### THE DATA:
=-=-=

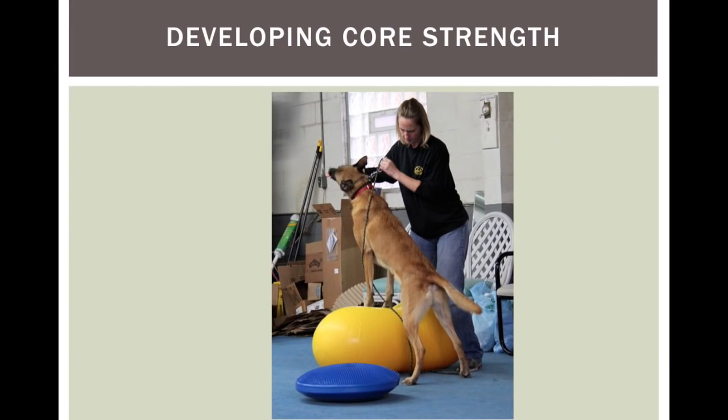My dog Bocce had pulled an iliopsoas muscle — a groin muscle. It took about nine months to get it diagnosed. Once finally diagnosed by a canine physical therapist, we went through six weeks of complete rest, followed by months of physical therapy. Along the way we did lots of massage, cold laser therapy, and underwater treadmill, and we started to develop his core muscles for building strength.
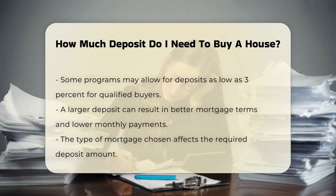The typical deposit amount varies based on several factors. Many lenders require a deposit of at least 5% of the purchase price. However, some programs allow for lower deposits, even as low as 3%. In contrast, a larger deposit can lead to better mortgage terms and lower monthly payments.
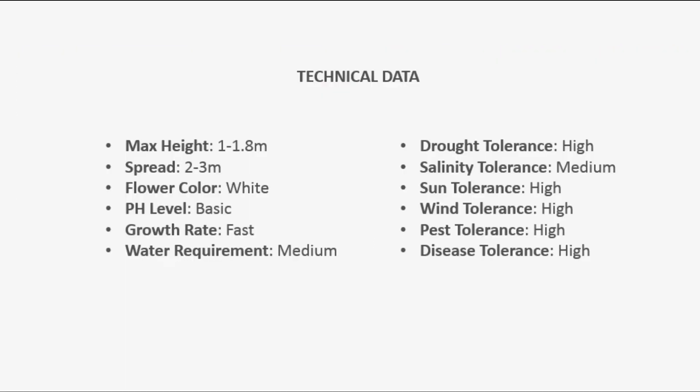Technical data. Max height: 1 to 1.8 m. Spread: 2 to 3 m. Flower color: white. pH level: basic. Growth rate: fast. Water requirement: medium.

=-=-=

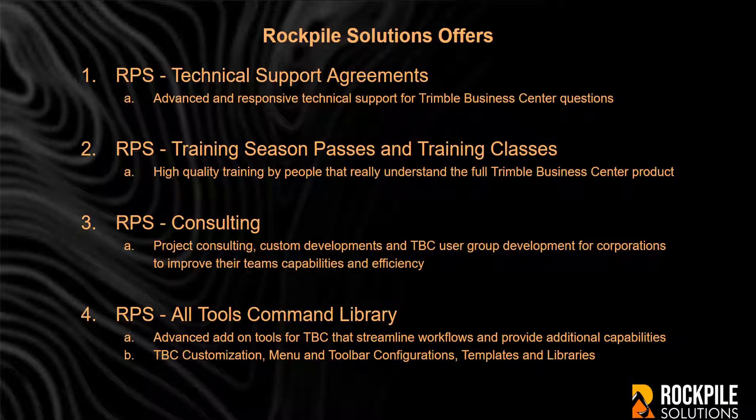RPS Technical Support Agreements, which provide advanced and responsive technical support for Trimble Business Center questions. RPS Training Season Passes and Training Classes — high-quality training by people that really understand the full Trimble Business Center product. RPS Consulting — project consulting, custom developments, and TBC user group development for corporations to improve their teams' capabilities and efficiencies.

=-=-=

### EXERCISE:
Working from the records above, set down word for word everything from the line containing "The typical deposit" down to the line containing "Technical data. Max", ends included, minus the pictures.

### EXERCISE RESULT:
The typical deposit amount varies based on several factors. Many lenders require a deposit of at least 5% of the purchase price. However, some programs allow for lower deposits, even as low as 3%. In contrast, a larger deposit can lead to better mortgage terms and lower monthly payments.
Technical data. Max height: 1 to 1.8 m. Spread: 2 to 3 m. Flower color: white. pH level: basic. Growth rate: fast. Water requirement: medium.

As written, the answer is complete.